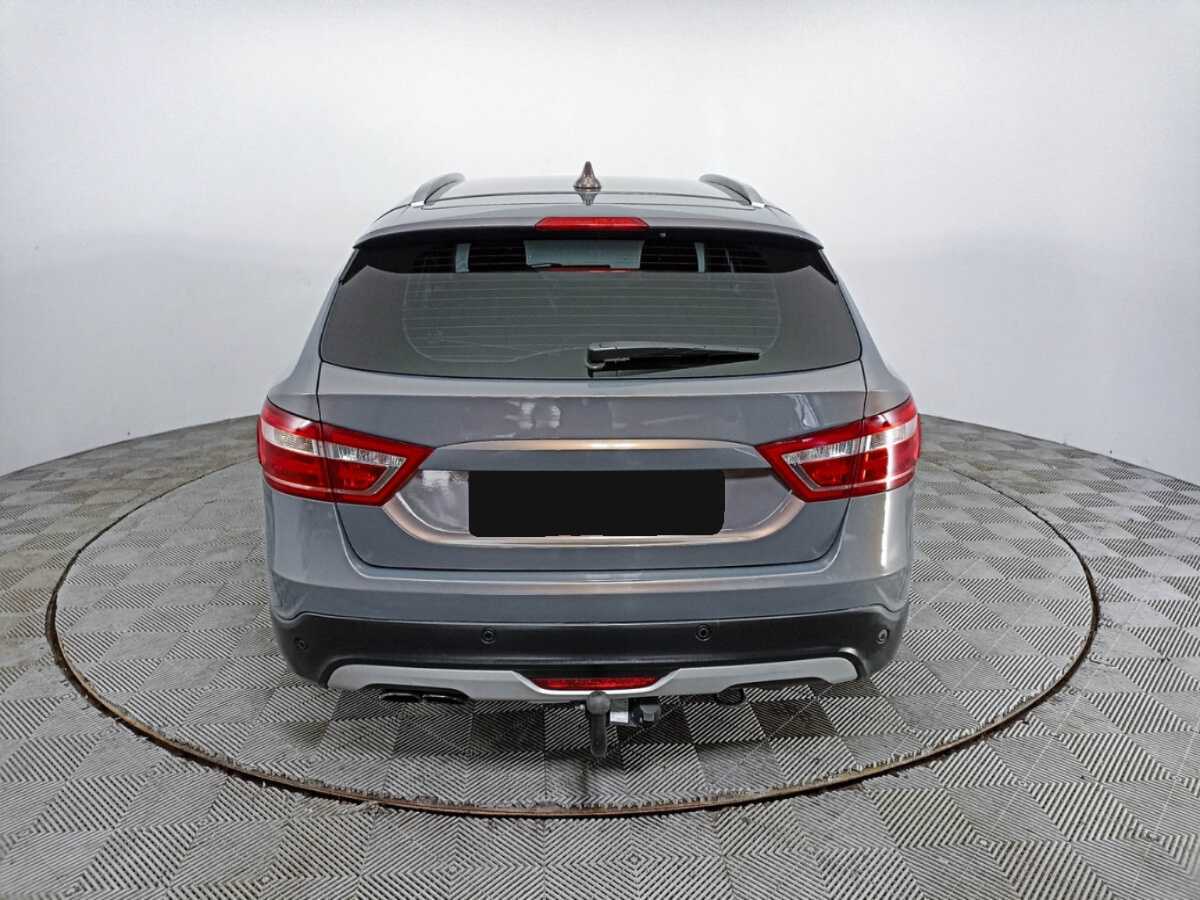 Лада (ВАЗ) Веста б/у, 2017, Механическая. Фото: #5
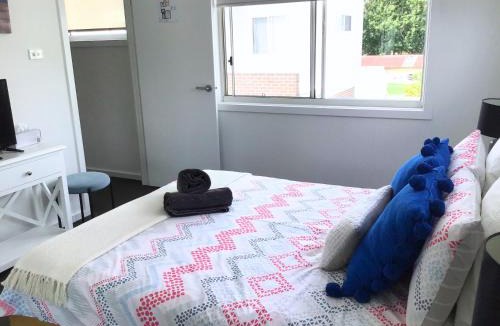 Warilla House | Discover Warilla Bright and Airy Townhouse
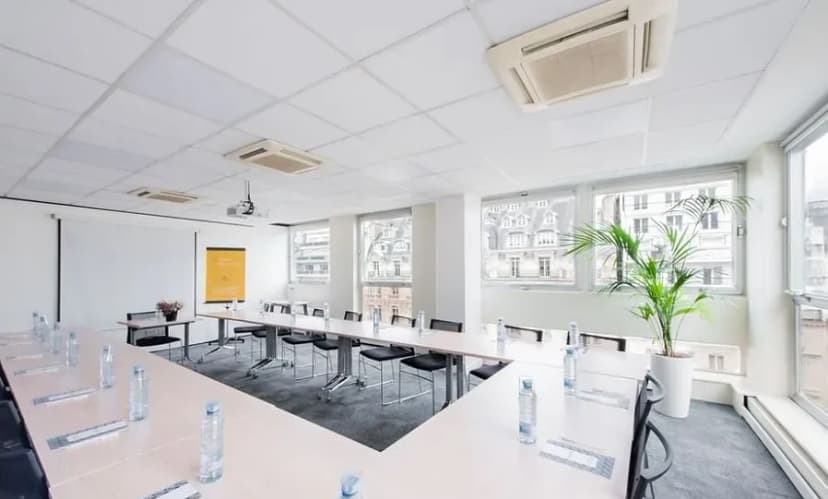 Multiburo Paris avenue Montaigne | Coworking, Bureaux, Salles de réunion et Domiciliation — photo 1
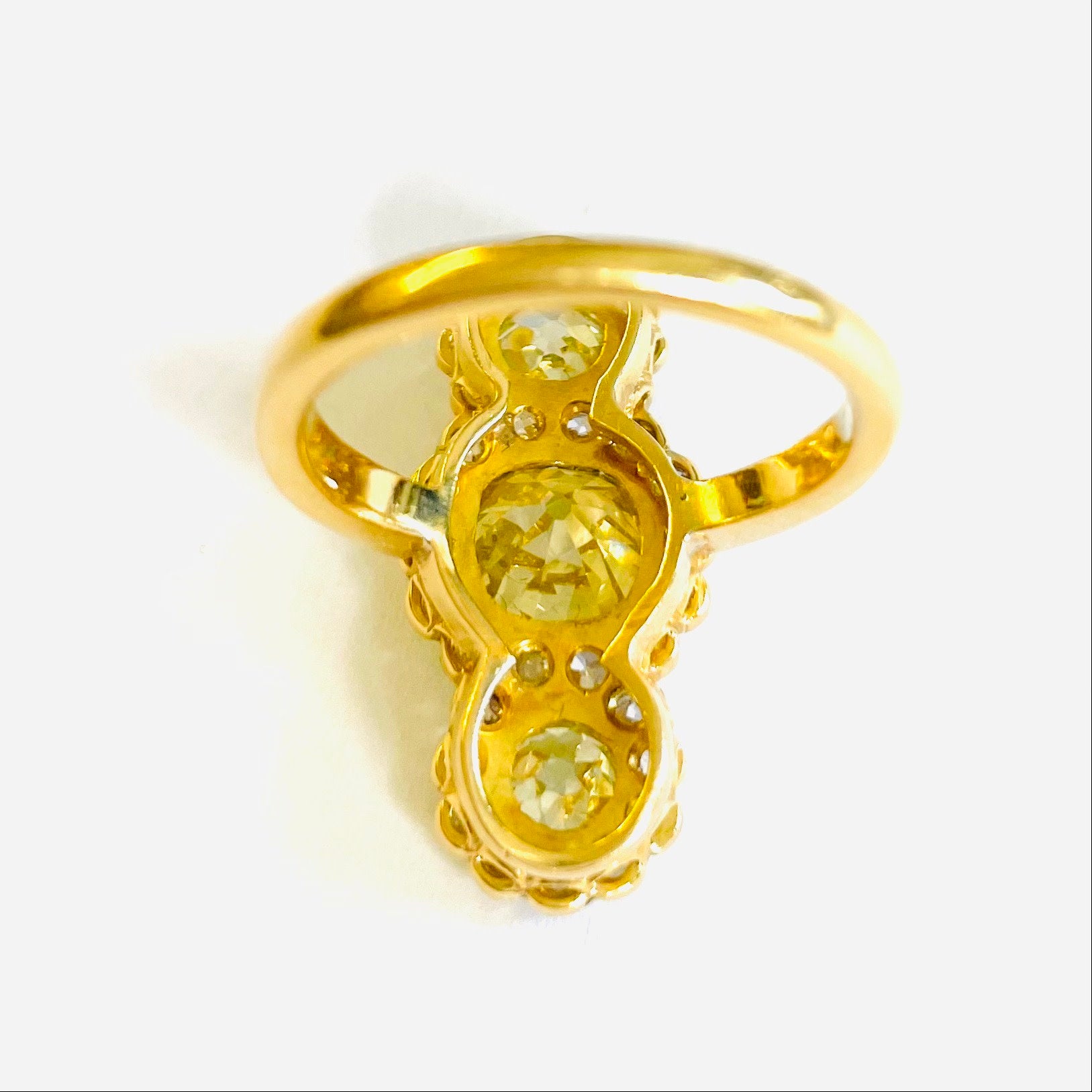 1960s Platinum & 18KT Yellow Gold Diamond Ring back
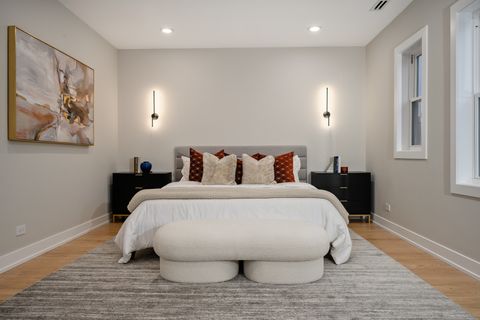 Tiny photo for 2225 W Carmen Avenue, Chicago, IL 60625 (MLS # 12535206)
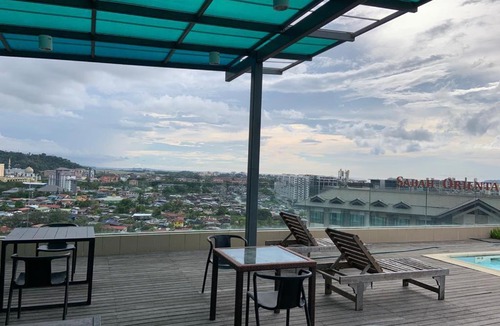 Downtown Kota Kinabalu Hotel | Sky Suite Top floor with Rooftop Pool & Gym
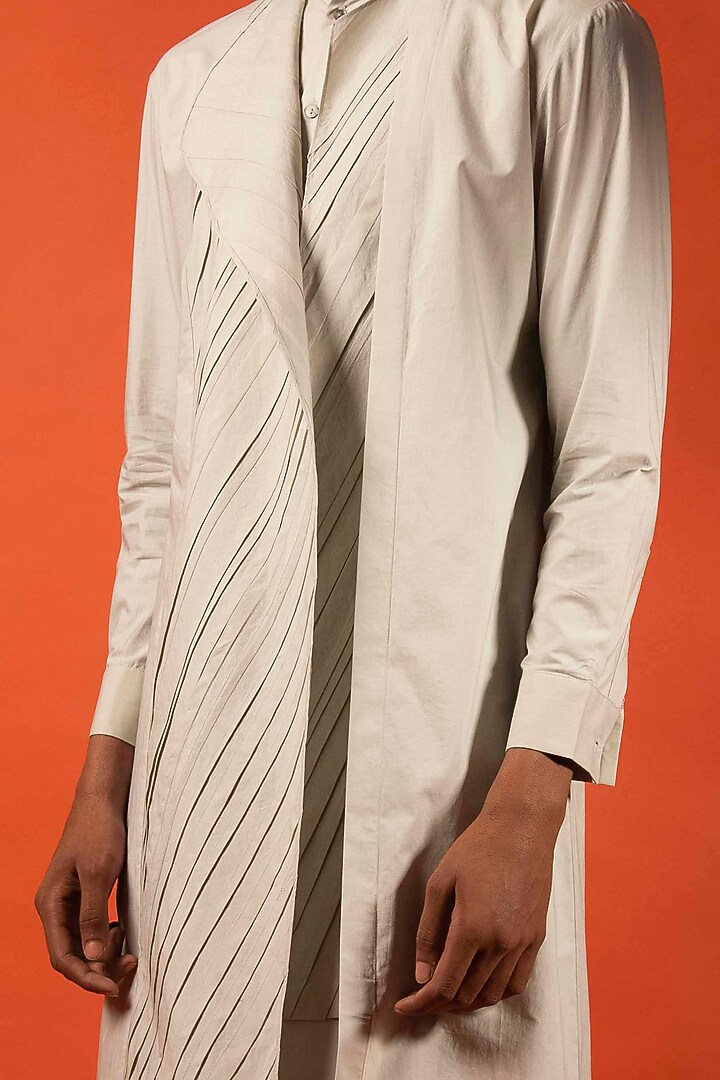 Beige Pleated Cotton Kurta by Antar Agni Men at Pernia's Pop Up Shop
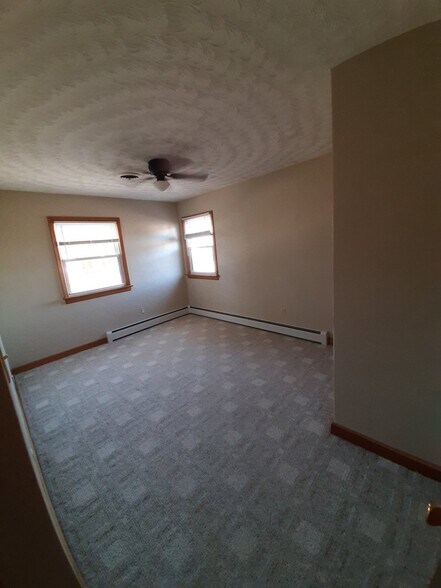 Building Photo - 3213 Tyre Neck Rd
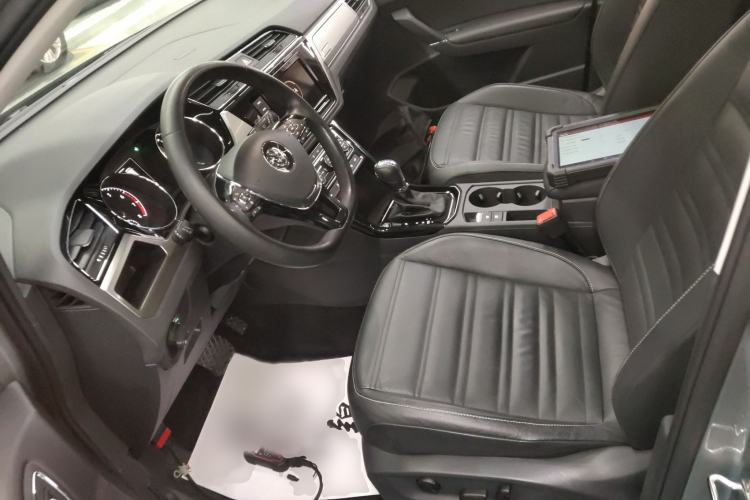 Used Volkswagen Touran 2016 Volkswagen Touran L 330TSI DSG Luxury Edition Left Front Seat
***
### TASK REQUIREMENTS
Without including any pictures, output each entry above exactly as it appears.

### COMPLETED EXERCISE
 Лада (ВАЗ) Веста б/у, 2017, Механическая. Фото: #5
 Warilla House | Discover Warilla Bright and Airy Townhouse
 Multiburo Paris avenue Montaigne | Coworking, Bureaux, Salles de réunion et Domiciliation — photo 1
 1960s Platinum & 18KT Yellow Gold Diamond Ring back
 Tiny photo for 2225 W Carmen Avenue, Chicago, IL 60625 (MLS # 12535206)
 Downtown Kota Kinabalu Hotel | Sky Suite Top floor with Rooftop Pool & Gym
 Beige Pleated Cotton Kurta by Antar Agni Men at Pernia's Pop Up Shop
 Building Photo - 3213 Tyre Neck Rd
 Used Volkswagen Touran 2016 Volkswagen Touran L 330TSI DSG Luxury Edition Left Front Seat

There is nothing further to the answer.